*TASK ITEM*: Beginning with the first line, copy out each line of the material until the line containing "Townhouse Pipliyahana Square 4*" has been copied as well.

*RECORDS PROVIDED*:
┄┄┄┄┄┄
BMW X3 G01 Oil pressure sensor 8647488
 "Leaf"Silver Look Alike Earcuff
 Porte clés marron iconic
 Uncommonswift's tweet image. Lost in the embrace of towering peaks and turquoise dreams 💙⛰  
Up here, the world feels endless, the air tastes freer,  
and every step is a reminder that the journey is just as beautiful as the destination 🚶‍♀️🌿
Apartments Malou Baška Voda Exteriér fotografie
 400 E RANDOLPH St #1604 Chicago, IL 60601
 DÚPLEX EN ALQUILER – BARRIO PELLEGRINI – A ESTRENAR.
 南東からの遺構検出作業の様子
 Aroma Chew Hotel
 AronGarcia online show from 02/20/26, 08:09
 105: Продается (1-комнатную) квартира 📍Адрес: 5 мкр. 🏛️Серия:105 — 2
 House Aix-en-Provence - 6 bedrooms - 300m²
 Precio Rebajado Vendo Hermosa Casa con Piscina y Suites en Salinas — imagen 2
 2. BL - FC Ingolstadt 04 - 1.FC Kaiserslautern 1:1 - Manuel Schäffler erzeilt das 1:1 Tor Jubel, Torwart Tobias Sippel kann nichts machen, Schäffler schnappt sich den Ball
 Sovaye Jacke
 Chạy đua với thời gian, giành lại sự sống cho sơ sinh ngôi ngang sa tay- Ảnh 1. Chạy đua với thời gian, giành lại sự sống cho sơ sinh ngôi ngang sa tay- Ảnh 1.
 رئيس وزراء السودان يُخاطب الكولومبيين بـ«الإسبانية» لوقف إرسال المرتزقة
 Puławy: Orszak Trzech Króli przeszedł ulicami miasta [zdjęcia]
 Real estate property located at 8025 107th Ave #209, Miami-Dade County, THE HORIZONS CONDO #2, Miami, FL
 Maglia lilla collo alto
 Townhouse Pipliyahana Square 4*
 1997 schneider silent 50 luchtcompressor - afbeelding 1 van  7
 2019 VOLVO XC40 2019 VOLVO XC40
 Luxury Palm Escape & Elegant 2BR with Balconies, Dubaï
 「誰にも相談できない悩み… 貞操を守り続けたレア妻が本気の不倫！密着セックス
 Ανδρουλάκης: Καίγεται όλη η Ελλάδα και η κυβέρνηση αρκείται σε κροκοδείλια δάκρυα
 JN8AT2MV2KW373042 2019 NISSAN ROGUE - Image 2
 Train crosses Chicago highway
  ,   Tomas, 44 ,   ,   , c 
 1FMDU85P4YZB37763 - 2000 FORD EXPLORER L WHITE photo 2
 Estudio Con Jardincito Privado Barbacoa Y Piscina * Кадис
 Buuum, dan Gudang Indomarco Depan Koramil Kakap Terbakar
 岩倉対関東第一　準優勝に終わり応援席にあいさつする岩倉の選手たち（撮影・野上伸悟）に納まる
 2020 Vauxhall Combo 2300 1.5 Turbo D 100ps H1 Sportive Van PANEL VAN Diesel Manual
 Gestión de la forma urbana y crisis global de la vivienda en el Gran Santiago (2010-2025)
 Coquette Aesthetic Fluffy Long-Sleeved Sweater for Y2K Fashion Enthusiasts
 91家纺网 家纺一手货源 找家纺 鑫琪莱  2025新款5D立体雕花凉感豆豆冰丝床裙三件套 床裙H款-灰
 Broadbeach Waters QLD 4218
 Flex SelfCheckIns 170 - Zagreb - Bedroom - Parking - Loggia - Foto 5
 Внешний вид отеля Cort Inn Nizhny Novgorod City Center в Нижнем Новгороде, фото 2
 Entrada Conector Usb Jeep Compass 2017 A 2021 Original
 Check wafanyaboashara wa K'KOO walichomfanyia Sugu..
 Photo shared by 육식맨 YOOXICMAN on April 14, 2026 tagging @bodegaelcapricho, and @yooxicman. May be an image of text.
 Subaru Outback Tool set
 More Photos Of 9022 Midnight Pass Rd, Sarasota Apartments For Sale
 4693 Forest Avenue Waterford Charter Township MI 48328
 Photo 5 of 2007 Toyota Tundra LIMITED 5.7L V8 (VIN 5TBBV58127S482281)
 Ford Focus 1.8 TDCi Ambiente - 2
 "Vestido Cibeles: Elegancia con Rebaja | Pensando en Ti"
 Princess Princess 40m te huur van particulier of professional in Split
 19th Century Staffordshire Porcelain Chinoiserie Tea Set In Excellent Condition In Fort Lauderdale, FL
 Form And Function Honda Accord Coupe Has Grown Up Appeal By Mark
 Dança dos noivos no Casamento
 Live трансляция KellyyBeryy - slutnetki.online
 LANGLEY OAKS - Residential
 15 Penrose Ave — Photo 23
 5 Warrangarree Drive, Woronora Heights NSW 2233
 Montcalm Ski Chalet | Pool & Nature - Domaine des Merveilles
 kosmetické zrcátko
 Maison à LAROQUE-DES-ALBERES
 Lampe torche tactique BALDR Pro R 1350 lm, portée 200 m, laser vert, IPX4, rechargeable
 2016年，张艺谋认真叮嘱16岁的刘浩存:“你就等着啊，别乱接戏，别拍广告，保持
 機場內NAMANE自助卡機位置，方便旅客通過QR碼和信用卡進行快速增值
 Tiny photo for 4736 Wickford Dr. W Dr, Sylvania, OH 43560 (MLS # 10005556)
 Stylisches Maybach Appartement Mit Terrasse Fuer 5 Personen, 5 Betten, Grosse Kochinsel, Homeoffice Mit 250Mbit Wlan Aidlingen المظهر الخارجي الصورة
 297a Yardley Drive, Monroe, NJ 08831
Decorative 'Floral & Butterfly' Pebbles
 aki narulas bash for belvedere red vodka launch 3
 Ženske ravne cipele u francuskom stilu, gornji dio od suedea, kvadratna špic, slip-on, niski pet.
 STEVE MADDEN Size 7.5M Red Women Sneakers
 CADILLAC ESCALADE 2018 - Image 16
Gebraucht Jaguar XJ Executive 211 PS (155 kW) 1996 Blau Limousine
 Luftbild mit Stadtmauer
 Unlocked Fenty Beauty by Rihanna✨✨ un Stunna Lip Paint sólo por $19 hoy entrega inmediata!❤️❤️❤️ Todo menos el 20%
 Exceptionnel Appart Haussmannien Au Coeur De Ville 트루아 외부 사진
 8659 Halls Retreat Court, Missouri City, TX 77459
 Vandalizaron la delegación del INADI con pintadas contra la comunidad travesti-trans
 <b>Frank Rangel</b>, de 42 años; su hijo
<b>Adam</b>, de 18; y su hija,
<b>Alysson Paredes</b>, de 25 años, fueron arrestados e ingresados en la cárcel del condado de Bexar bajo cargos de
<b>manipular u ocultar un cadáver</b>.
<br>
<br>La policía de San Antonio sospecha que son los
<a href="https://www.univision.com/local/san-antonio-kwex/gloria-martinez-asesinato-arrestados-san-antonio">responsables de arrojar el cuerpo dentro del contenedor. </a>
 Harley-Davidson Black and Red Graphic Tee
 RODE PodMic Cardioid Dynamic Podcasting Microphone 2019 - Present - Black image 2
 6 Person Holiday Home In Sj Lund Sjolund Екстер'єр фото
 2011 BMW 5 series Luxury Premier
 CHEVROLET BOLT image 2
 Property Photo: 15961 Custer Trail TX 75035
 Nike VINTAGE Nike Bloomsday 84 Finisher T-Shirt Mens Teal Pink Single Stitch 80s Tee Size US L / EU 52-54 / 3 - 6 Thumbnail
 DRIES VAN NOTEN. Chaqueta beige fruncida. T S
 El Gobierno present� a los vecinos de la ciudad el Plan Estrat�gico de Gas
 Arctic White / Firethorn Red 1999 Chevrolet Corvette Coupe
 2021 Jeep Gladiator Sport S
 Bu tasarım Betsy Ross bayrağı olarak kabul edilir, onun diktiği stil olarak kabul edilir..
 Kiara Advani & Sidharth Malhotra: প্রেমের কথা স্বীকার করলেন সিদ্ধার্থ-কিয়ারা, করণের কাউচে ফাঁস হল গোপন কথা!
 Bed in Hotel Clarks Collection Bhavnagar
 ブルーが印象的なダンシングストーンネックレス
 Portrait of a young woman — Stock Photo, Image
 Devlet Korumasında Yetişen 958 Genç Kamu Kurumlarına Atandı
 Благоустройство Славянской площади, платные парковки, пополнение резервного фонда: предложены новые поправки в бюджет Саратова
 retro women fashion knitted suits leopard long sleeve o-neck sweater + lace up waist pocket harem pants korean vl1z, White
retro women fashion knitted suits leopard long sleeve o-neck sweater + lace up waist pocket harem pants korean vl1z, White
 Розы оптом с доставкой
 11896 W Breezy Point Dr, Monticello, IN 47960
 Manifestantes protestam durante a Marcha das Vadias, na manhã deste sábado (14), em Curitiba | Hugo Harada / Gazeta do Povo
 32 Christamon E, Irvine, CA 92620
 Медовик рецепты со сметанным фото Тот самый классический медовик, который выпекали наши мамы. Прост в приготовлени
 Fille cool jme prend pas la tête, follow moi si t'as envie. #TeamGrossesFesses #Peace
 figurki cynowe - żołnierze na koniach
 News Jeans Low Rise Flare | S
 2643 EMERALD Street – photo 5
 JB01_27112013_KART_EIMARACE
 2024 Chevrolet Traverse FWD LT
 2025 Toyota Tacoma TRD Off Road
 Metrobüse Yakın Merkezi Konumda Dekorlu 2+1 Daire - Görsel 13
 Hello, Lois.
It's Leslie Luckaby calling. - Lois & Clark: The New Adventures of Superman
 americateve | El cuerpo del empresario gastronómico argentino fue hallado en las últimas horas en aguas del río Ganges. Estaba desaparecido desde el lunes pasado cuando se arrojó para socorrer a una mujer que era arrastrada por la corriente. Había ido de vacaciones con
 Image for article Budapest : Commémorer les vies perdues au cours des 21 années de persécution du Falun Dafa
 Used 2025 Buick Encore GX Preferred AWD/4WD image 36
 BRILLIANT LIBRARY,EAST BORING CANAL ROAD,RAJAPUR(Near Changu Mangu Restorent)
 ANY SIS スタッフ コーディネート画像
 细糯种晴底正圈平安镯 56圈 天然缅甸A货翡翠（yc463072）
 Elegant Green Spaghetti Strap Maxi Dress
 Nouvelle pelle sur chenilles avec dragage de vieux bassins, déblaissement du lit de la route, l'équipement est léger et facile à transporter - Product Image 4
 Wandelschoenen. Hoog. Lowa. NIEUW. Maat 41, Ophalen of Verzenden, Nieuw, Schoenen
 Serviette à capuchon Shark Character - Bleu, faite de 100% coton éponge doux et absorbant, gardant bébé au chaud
┄┄┄┄┄┄
*SOLVED EXERCISE*:
BMW X3 G01 Oil pressure sensor 8647488
 "Leaf"Silver Look Alike Earcuff
 Porte clés marron iconic
 Uncommonswift's tweet image. Lost in the embrace of towering peaks and turquoise dreams 💙⛰  
Up here, the world feels endless, the air tastes freer,  
and every step is a reminder that the journey is just as beautiful as the destination 🚶‍♀️🌿
Apartments Malou Baška Voda Exteriér fotografie
 400 E RANDOLPH St #1604 Chicago, IL 60601
 DÚPLEX EN ALQUILER – BARRIO PELLEGRINI – A ESTRENAR.
 南東からの遺構検出作業の様子
 Aroma Chew Hotel
 AronGarcia online show from 02/20/26, 08:09
 105: Продается (1-комнатную) квартира 📍Адрес: 5 мкр. 🏛️Серия:105 — 2
 House Aix-en-Provence - 6 bedrooms - 300m²
 Precio Rebajado Vendo Hermosa Casa con Piscina y Suites en Salinas — imagen 2
 2. BL - FC Ingolstadt 04 - 1.FC Kaiserslautern 1:1 - Manuel Schäffler erzeilt das 1:1 Tor Jubel, Torwart Tobias Sippel kann nichts machen, Schäffler schnappt sich den Ball
 Sovaye Jacke
 Chạy đua với thời gian, giành lại sự sống cho sơ sinh ngôi ngang sa tay- Ảnh 1. Chạy đua với thời gian, giành lại sự sống cho sơ sinh ngôi ngang sa tay- Ảnh 1.
 رئيس وزراء السودان يُخاطب الكولومبيين بـ«الإسبانية» لوقف إرسال المرتزقة
 Puławy: Orszak Trzech Króli przeszedł ulicami miasta [zdjęcia]
 Real estate property located at 8025 107th Ave #209, Miami-Dade County, THE HORIZONS CONDO #2, Miami, FL
 Maglia lilla collo alto
 Townhouse Pipliyahana Square 4*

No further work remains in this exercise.